(Extracted data entries)

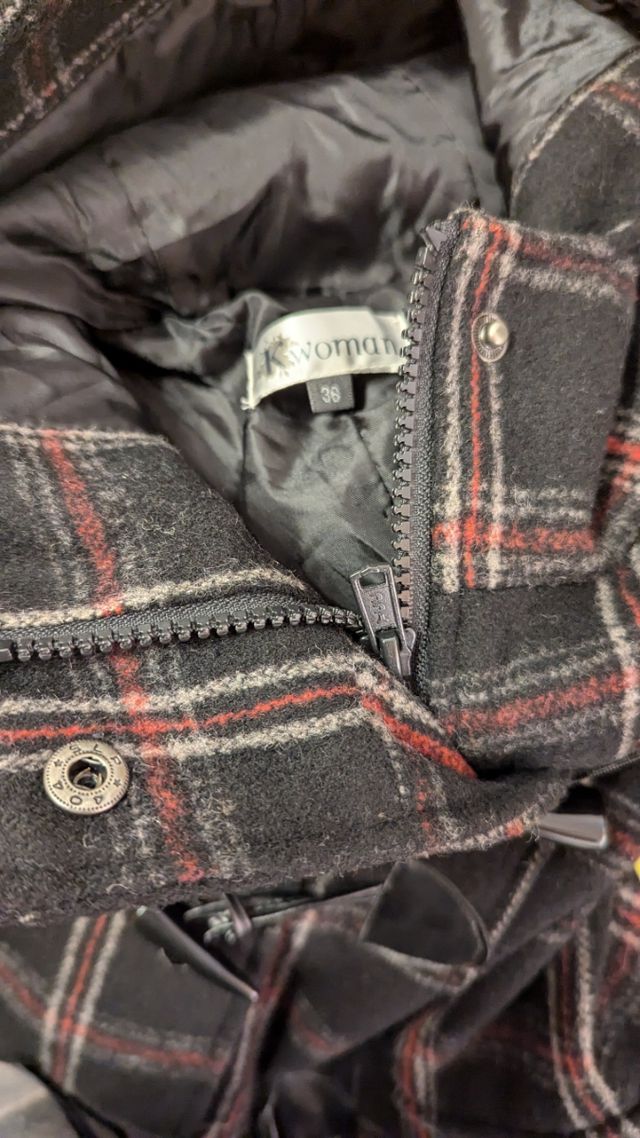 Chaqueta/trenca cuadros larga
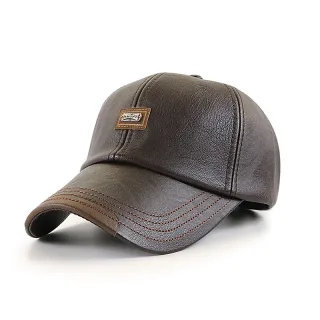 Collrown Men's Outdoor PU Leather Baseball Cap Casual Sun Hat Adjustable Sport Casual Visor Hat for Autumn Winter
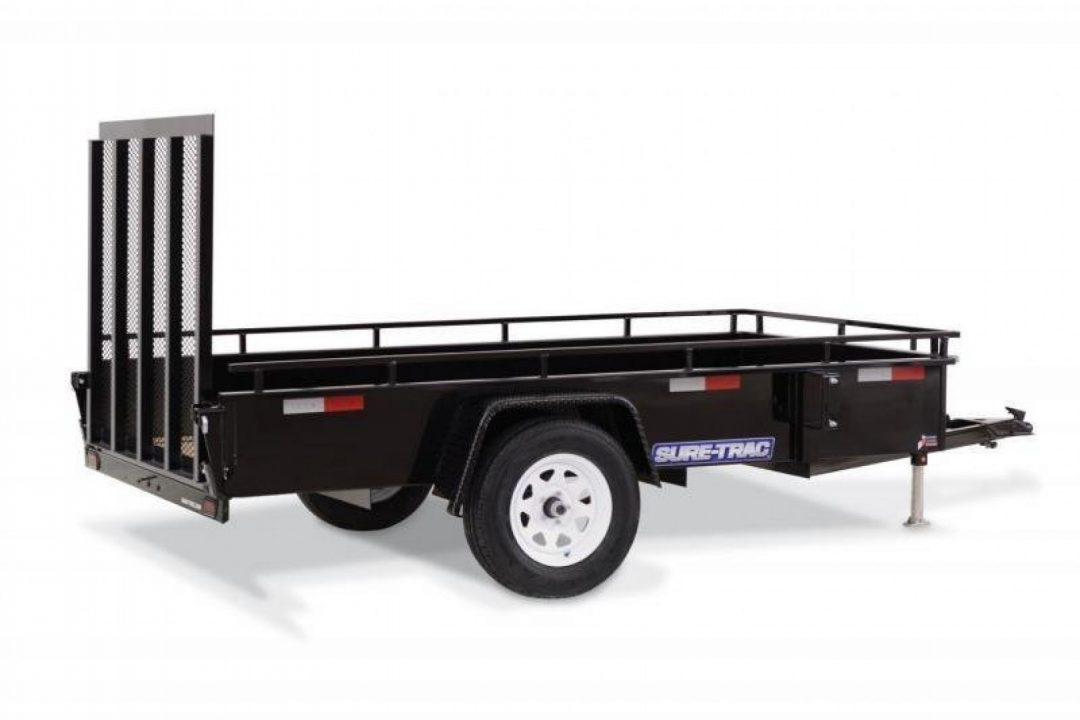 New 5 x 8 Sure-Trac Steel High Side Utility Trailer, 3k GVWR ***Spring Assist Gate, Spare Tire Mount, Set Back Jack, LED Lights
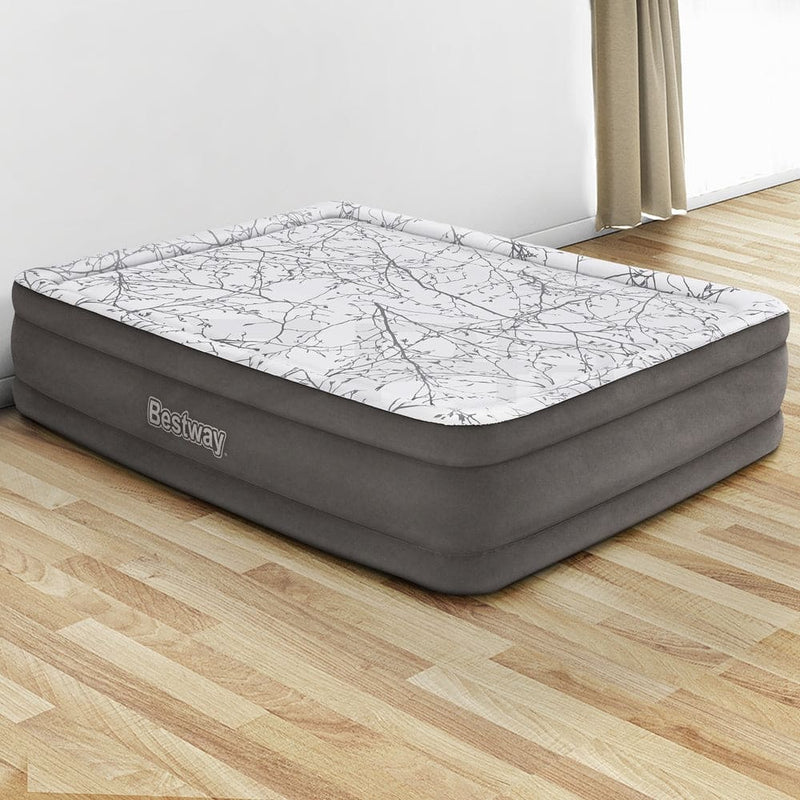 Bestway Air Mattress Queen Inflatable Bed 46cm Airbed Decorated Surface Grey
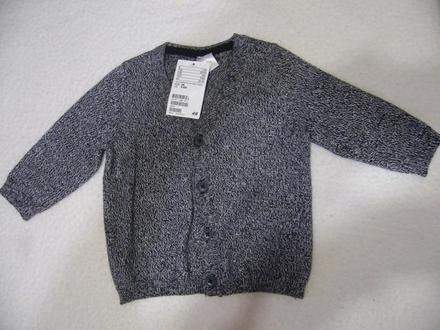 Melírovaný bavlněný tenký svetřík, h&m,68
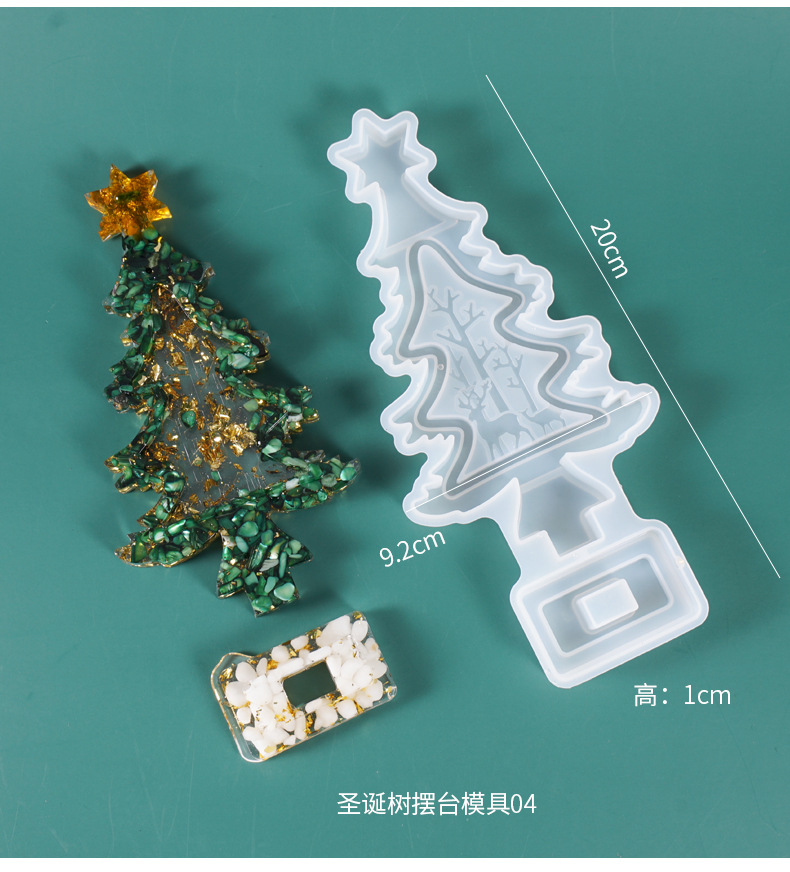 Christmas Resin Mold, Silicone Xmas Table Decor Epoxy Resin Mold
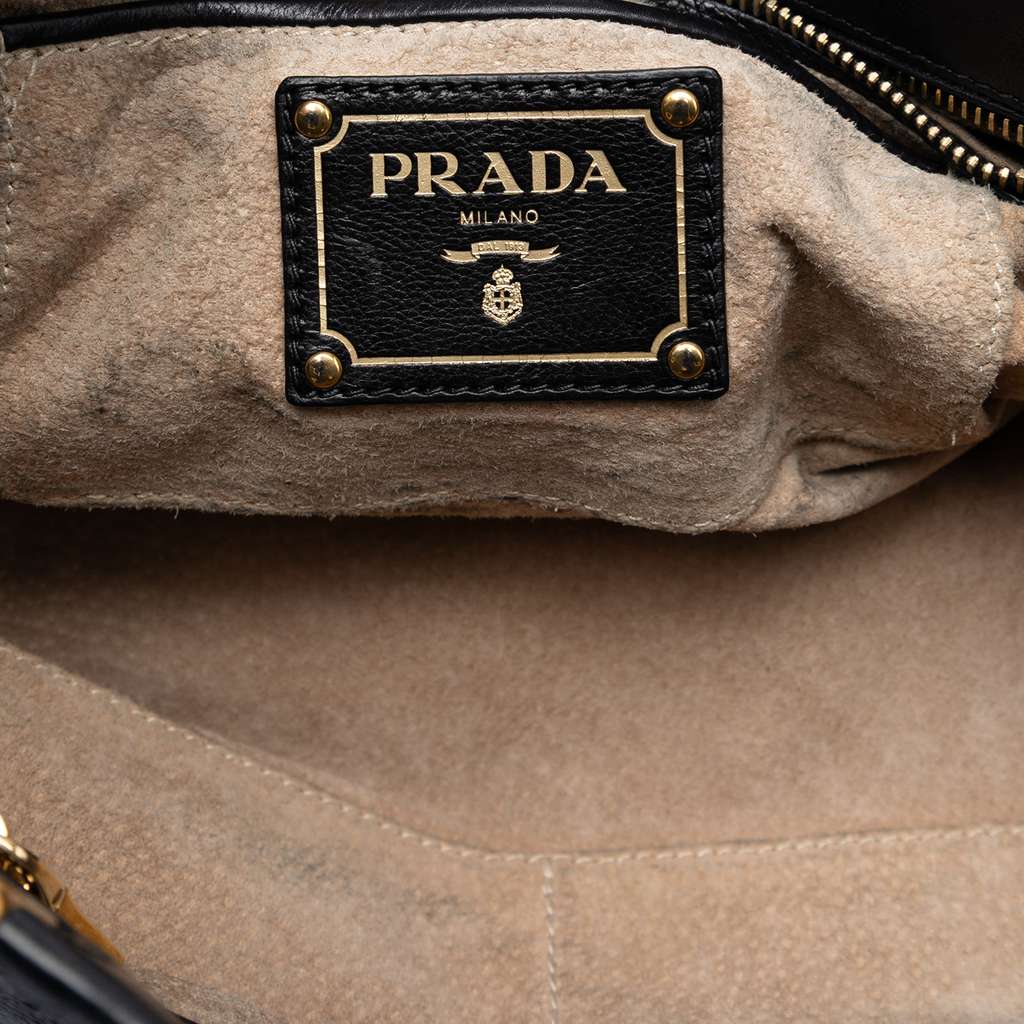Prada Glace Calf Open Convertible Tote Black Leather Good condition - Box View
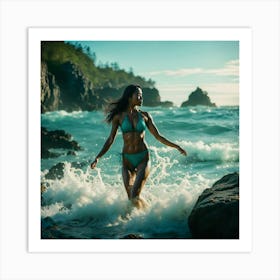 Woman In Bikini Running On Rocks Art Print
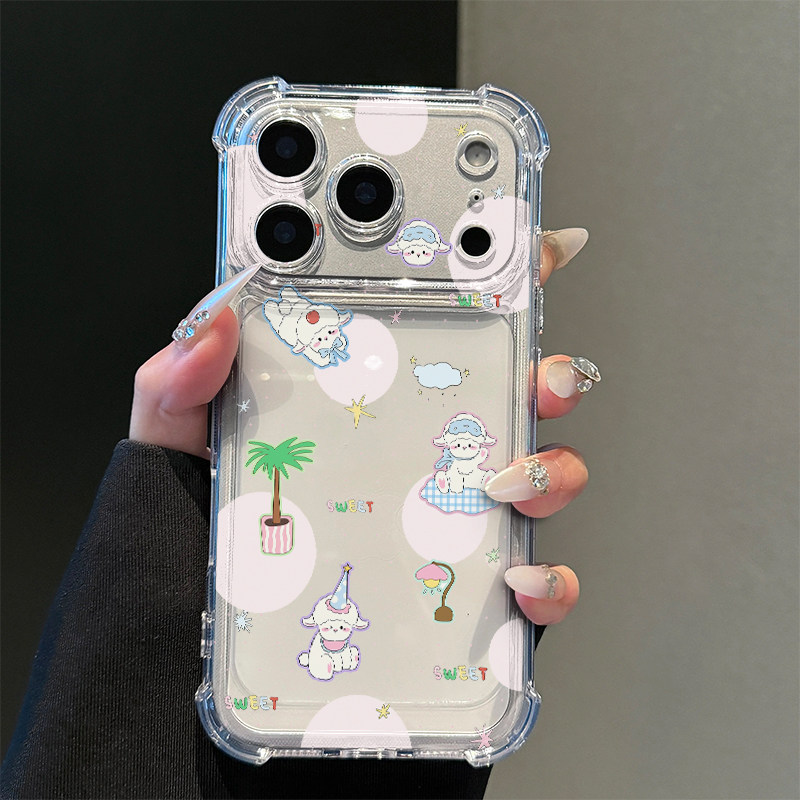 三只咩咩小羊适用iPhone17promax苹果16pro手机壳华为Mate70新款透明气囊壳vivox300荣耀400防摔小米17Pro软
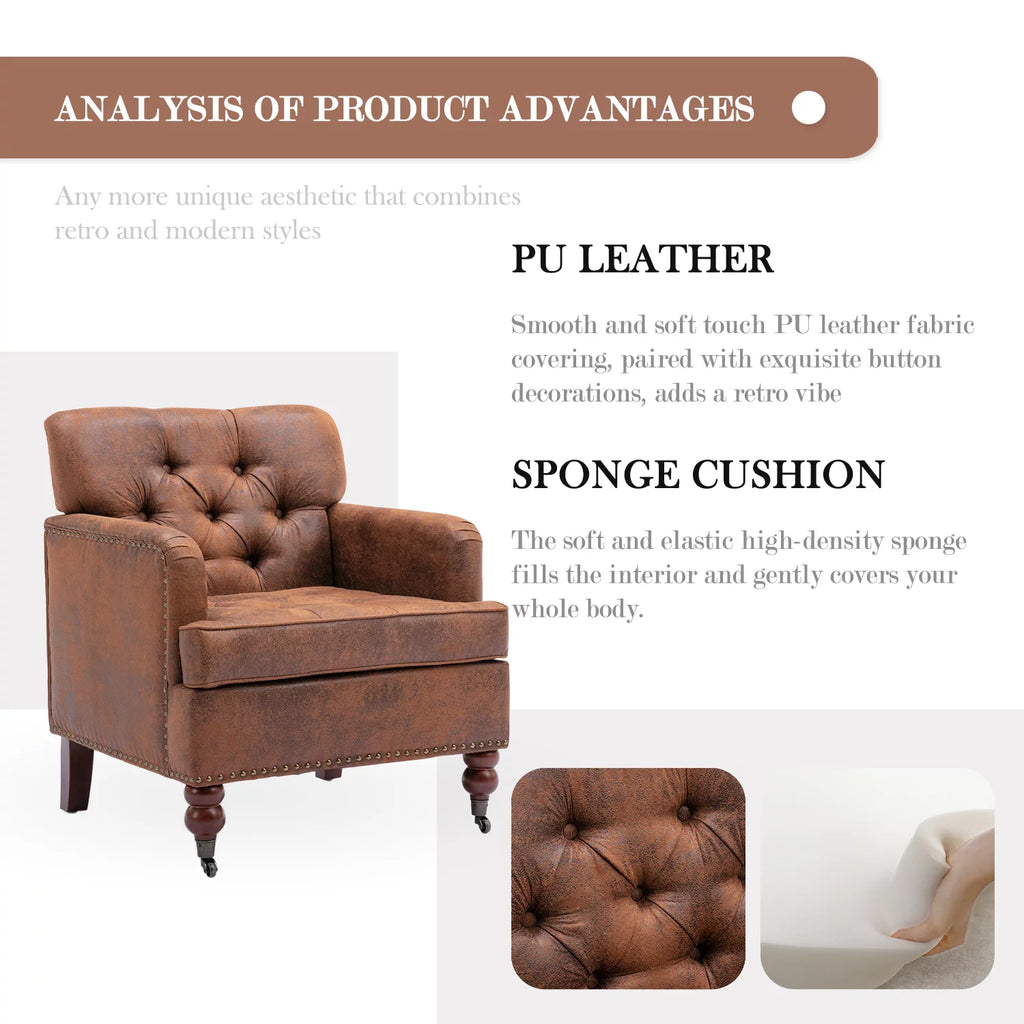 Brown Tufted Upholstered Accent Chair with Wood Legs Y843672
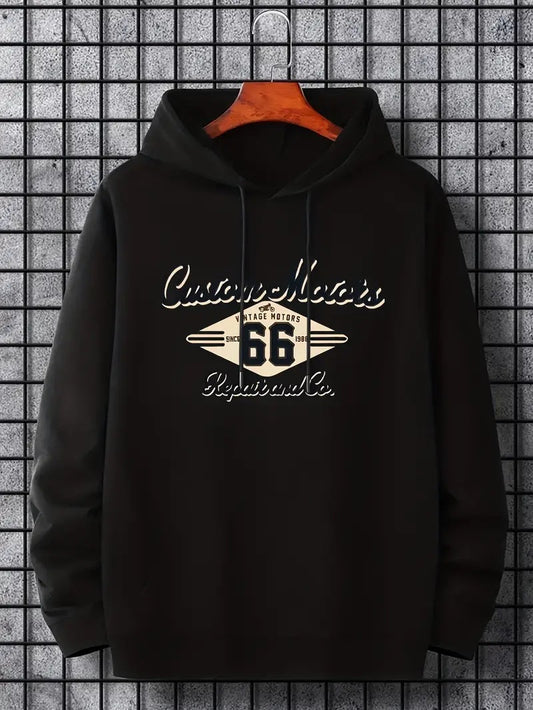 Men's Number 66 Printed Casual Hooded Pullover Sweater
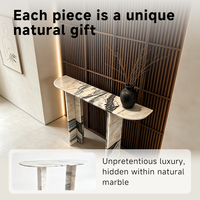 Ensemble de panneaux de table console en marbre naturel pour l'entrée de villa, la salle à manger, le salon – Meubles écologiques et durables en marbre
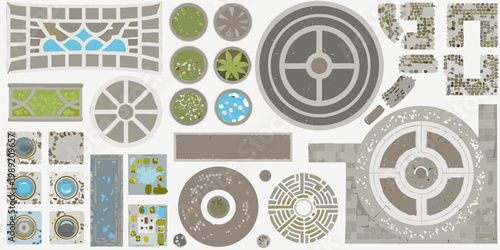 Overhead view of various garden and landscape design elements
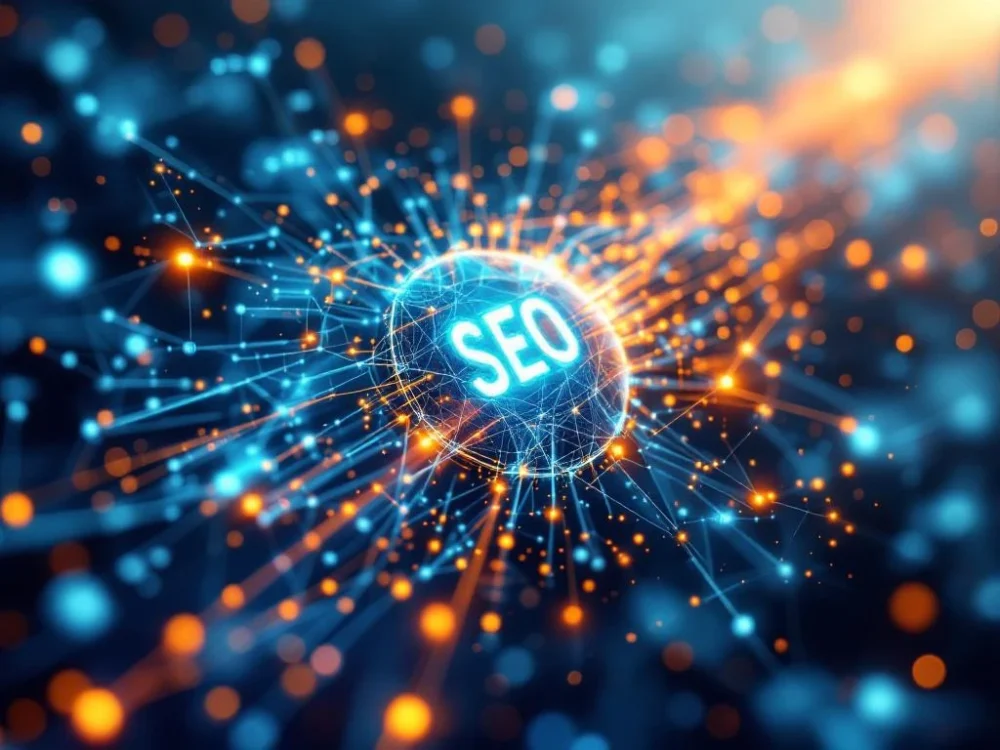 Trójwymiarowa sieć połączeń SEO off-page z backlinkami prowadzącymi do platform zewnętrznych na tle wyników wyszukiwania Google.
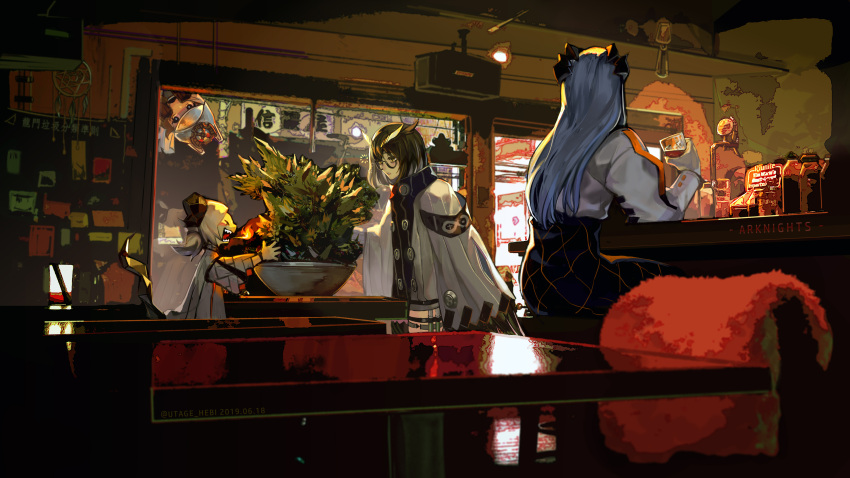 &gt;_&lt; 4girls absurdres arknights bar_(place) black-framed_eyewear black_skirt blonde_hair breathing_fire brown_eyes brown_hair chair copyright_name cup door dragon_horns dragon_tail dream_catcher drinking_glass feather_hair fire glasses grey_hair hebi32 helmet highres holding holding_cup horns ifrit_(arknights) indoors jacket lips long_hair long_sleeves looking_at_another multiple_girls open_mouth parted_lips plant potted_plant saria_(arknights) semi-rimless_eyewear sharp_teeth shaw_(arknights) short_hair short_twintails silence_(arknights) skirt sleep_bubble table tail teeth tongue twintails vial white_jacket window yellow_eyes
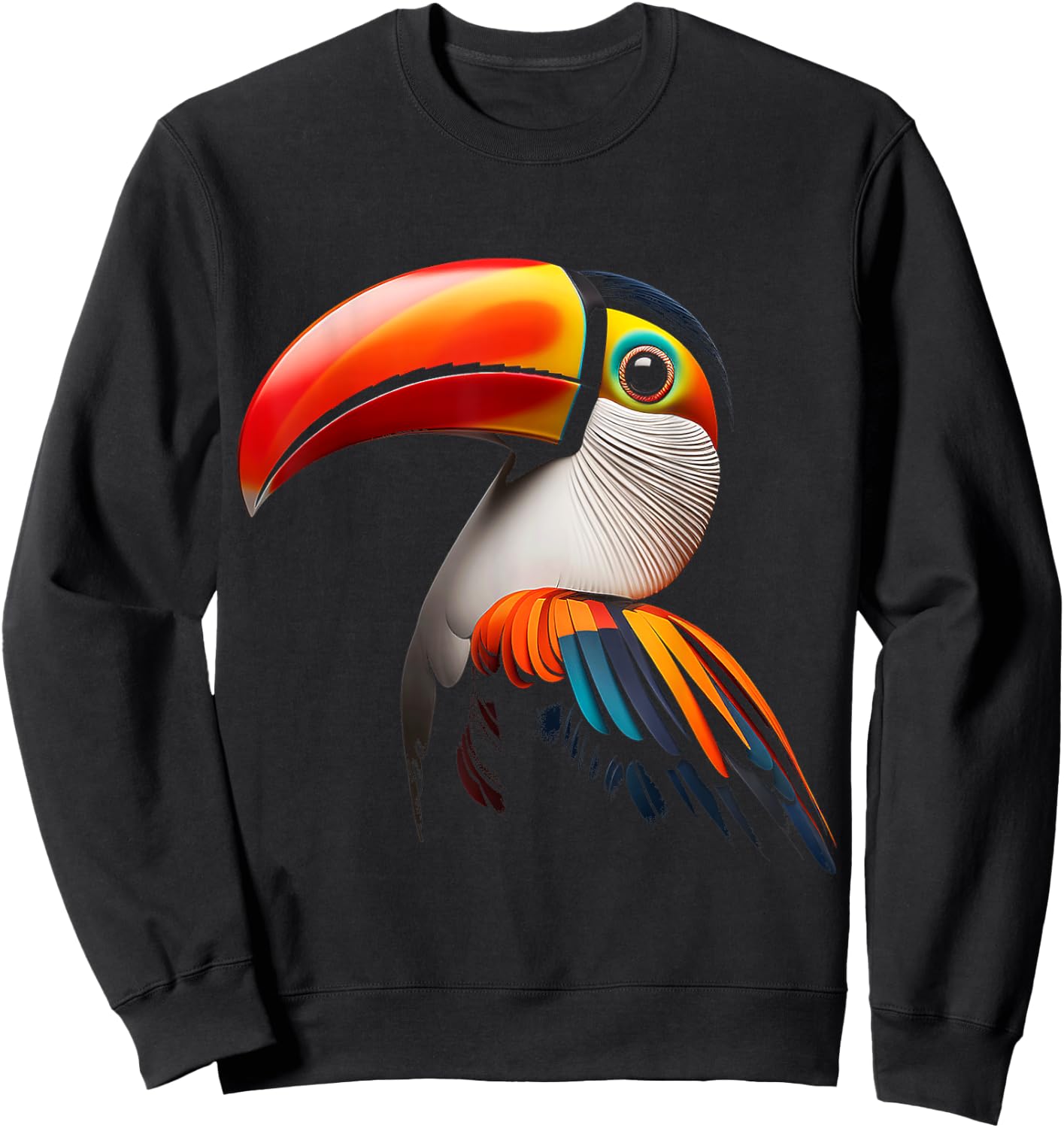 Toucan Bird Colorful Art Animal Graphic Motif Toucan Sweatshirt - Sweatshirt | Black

◆ **Task prompt**:
Please write out exactly, and only, the lines from the beginning of the entries through the line containing "Woman In Bikini Running On Rocks Art Print", including both and skipping all pictures.

◆ **Result of the exercise**:
 Chaqueta/trenca cuadros larga
 Collrown Men's Outdoor PU Leather Baseball Cap Casual Sun Hat Adjustable Sport Casual Visor Hat for Autumn Winter
 New 5 x 8 Sure-Trac Steel High Side Utility Trailer, 3k GVWR ***Spring Assist Gate, Spare Tire Mount, Set Back Jack, LED Lights
 Bestway Air Mattress Queen Inflatable Bed 46cm Airbed Decorated Surface Grey
 Melírovaný bavlněný tenký svetřík, h&m,68
 Christmas Resin Mold, Silicone Xmas Table Decor Epoxy Resin Mold
Prada Glace Calf Open Convertible Tote Black Leather Good condition - Box View
 Woman In Bikini Running On Rocks Art Print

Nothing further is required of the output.